Learning Proximal Operators to Discover Multiple Optima
This addresses a ubiquitous problem in optimization for applications such as object detection, offering a novel end-to-end method that improves over ad hoc heuristics.
The paper tackles the challenge of finding multiple solutions in non-convex optimization by learning a proximal operator from training problems, enabling quick recovery of multiple local minima from initial guesses and generalization to unseen problems like object detection, with effectiveness demonstrated through an exhaustive benchmark.

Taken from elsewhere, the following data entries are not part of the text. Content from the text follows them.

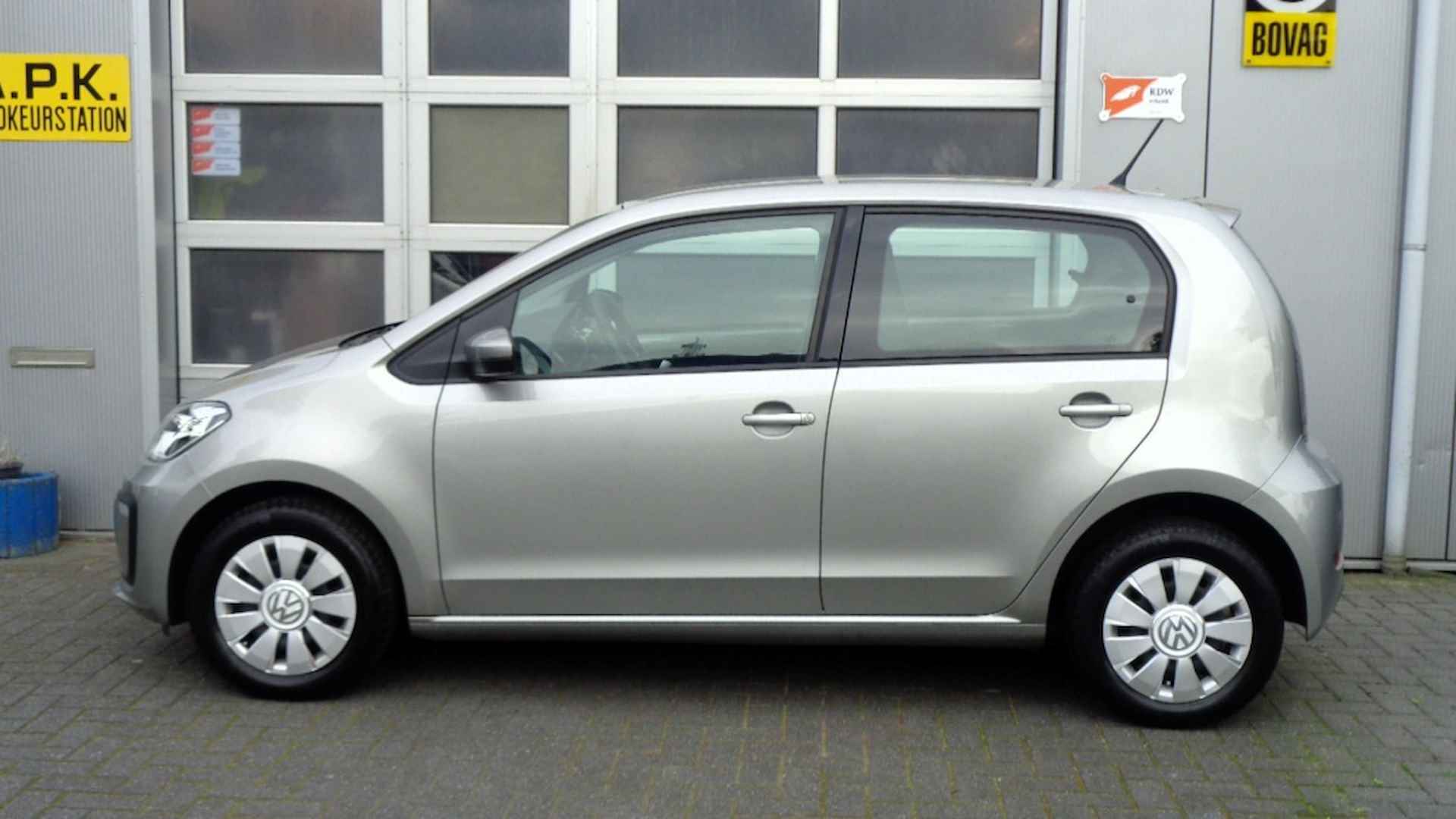 Volkswagen Up! *5 deurs *weinig km *Mobiliteit 1.0 BMT move up! - 2/19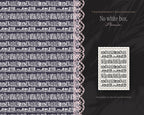 Library & Letters Seamless Pattern Bundle, no white box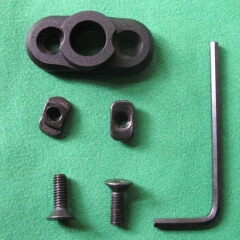 Economic Keymod Rail Handguard Sling base mount adapter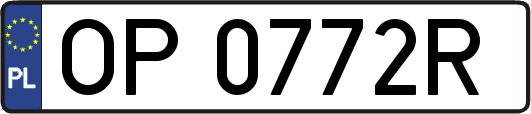 OP0772R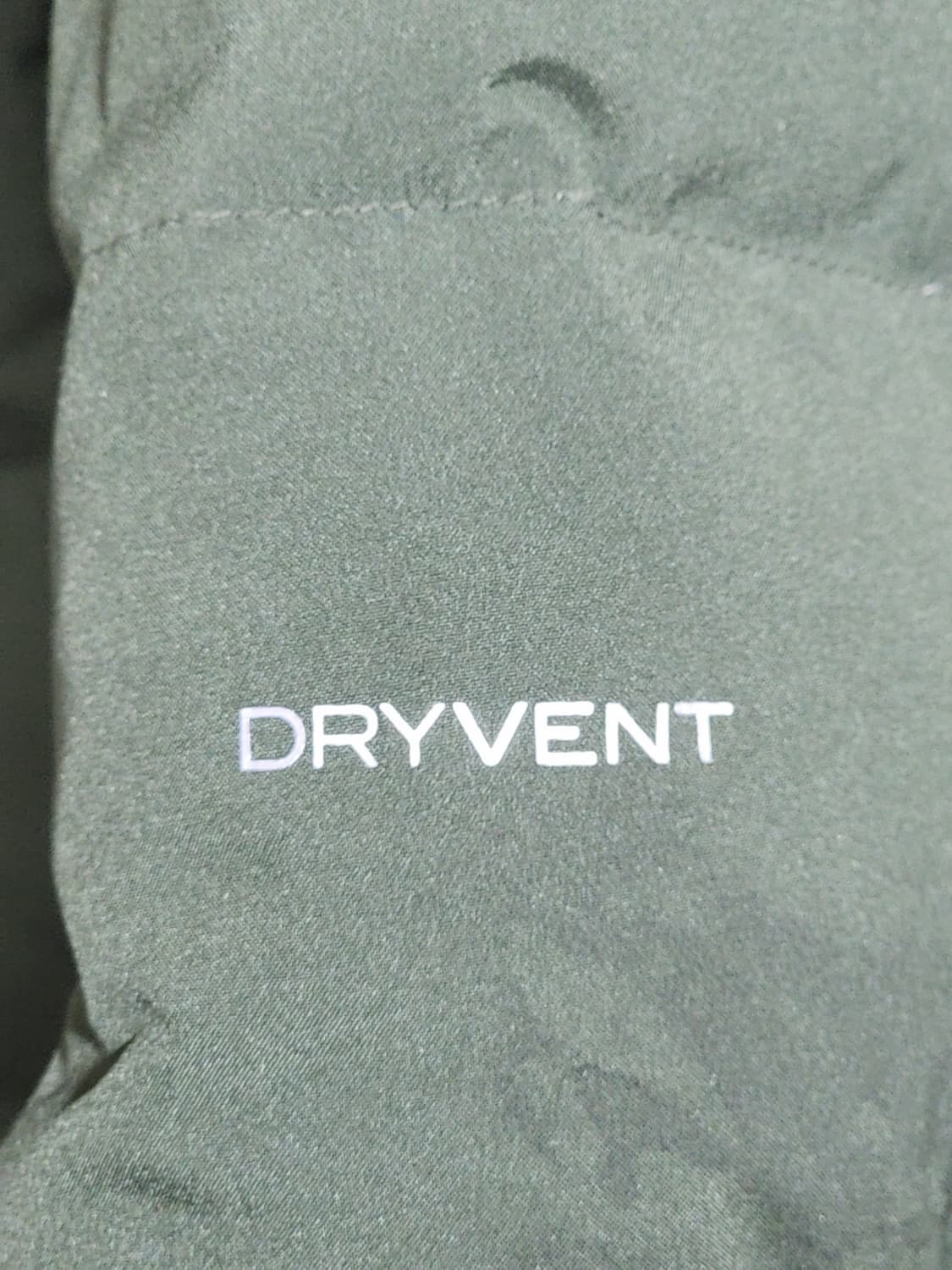 (L) 노스페이스 구스다운 롱패딩 카키 거위털 패딩코트  상품이미지6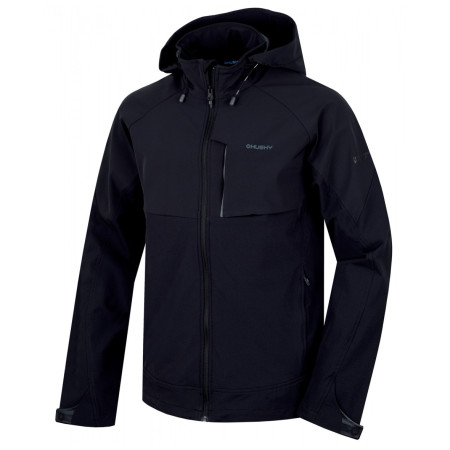 Herrenjacke Husky Seeta M schwarz Black
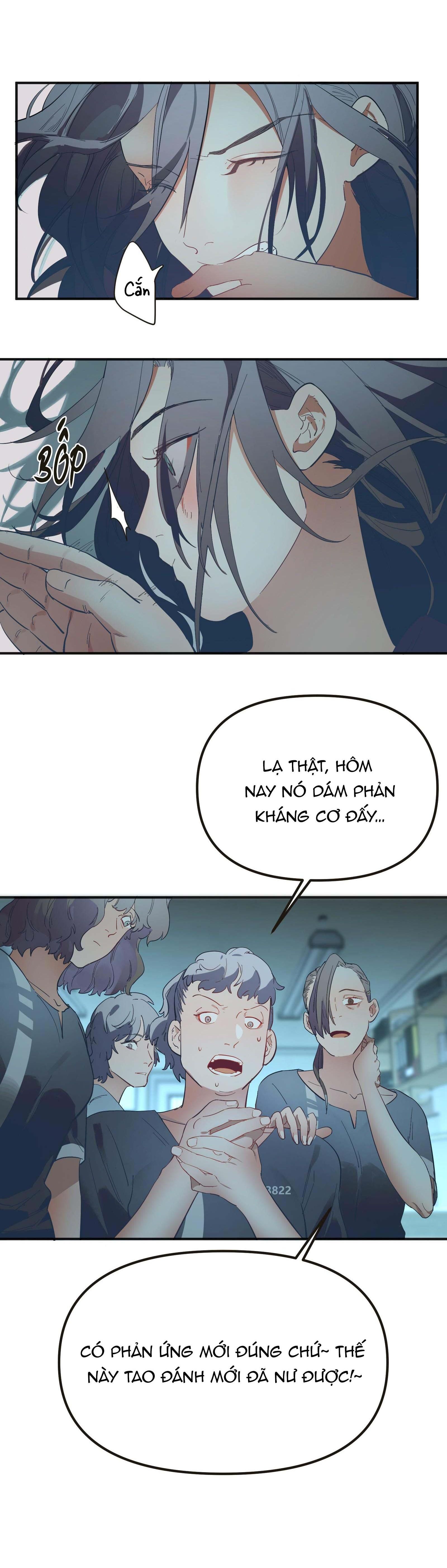 Nhiệt Độ Cơ Thể Nhân Tạo 36,7 Độ C Chapter 6 - 16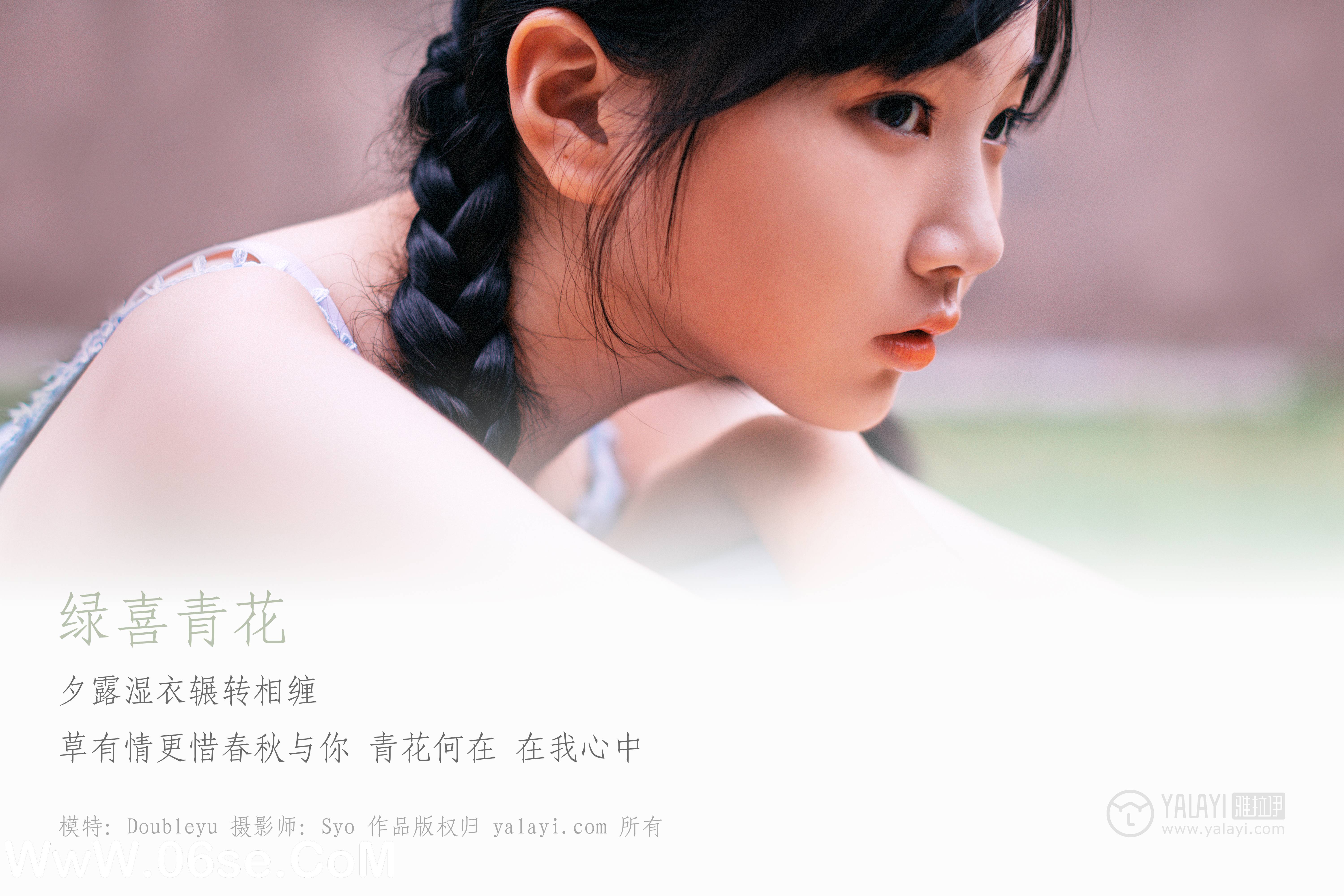 图片[2]-[YALAYI雅拉伊] NO.082 绿喜青花 Doubleyu-六色网
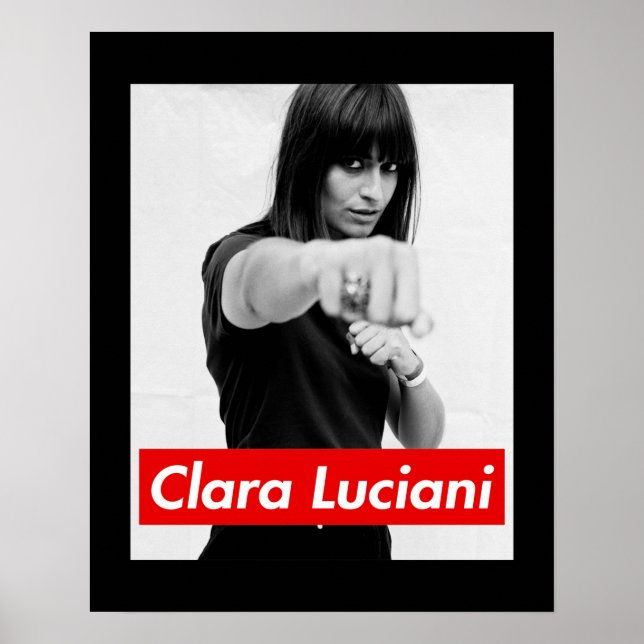 Clara Luciani - La grenade Poster (Vorne)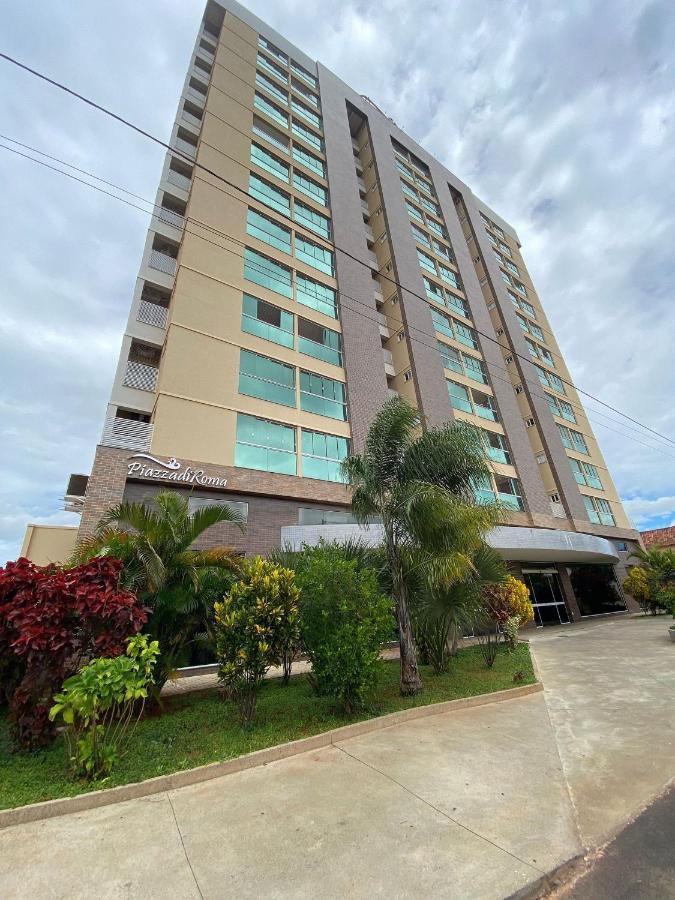 Piazza Diroma Com Acesso Ao Acqua Park E Splash Caldas Novas Ngoại thất bức ảnh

Finding multiple solutions of non-convex optimization problems is a ubiquitous yet challenging task. Most past algorithms either apply single-solution optimization methods from multiple random initial guesses or search in the vicinity of found solutions using ad hoc heuristics. We present an end-to-end method to learn the proximal operator of a family of training problems so that multiple local minima can be quickly obtained from initial guesses by iterating the learned operator, emulating the proximal-point algorithm that has fast convergence. The learned proximal operator can be further generalized to recover multiple optima for unseen problems at test time, enabling applications such as object detection. The key ingredient in our formulation is a proximal regularization term, which elevates the convexity of our training loss: by applying recent theoretical results, we show that for weakly-convex objectives with Lipschitz gradients, training of the proximal operator converges globally with a practical degree of over-parameterization. We further present an exhaustive benchmark for multi-solution optimization to demonstrate the effectiveness of our method.